### What this task involves
From the line that contains "Evolite Strong Karabina Medium - 3" down to the final line below, please repeat each line exactly and nothing more, with no pictures.

### Data listing
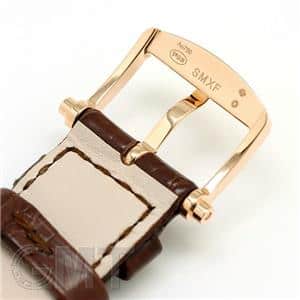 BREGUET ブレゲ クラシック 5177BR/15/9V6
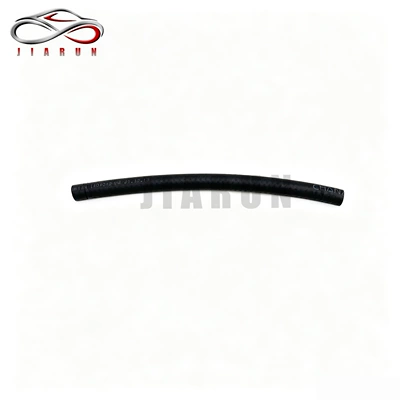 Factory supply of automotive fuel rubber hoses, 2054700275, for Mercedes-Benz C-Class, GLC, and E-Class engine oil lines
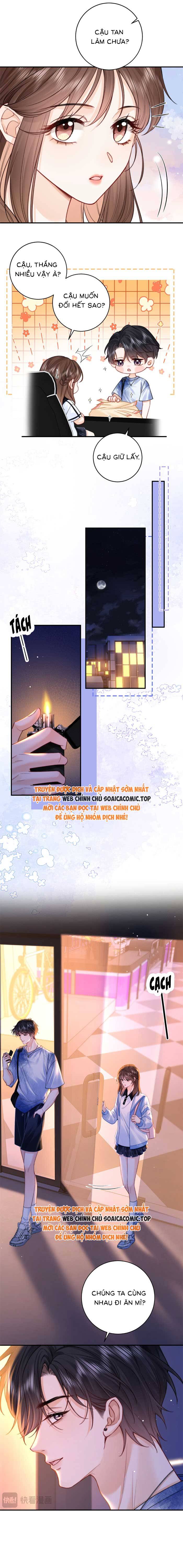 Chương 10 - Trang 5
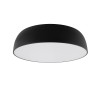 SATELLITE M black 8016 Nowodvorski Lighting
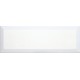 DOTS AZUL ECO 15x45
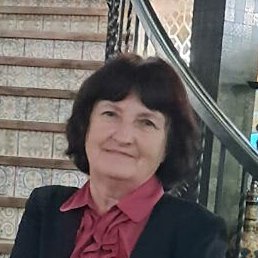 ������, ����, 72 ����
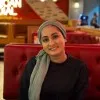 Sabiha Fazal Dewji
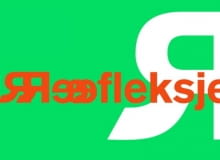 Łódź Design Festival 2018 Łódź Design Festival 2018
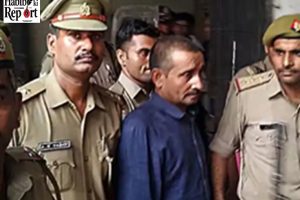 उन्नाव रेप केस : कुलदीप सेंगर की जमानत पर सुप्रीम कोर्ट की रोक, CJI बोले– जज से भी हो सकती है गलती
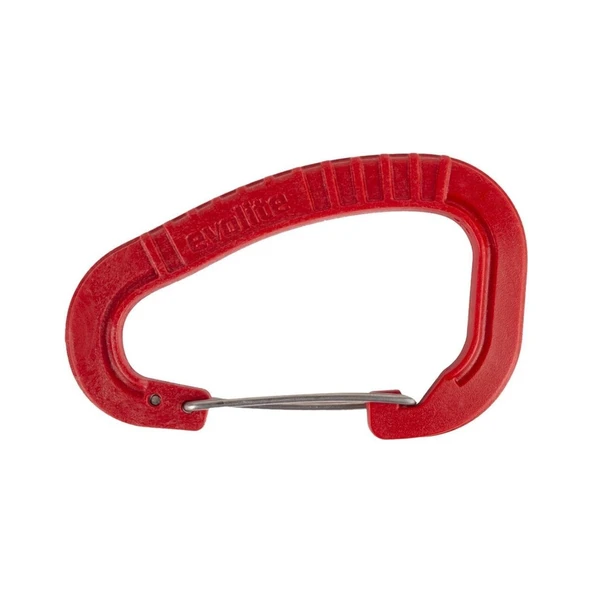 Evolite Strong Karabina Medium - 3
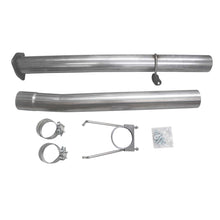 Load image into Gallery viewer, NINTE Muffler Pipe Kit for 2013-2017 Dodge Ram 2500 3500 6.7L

### Solution for this task
 Evolite Strong Karabina Medium - 3
 Load image into Gallery viewer, NINTE Muffler Pipe Kit for 2013-2017 Dodge Ram 2500 3500 6.7L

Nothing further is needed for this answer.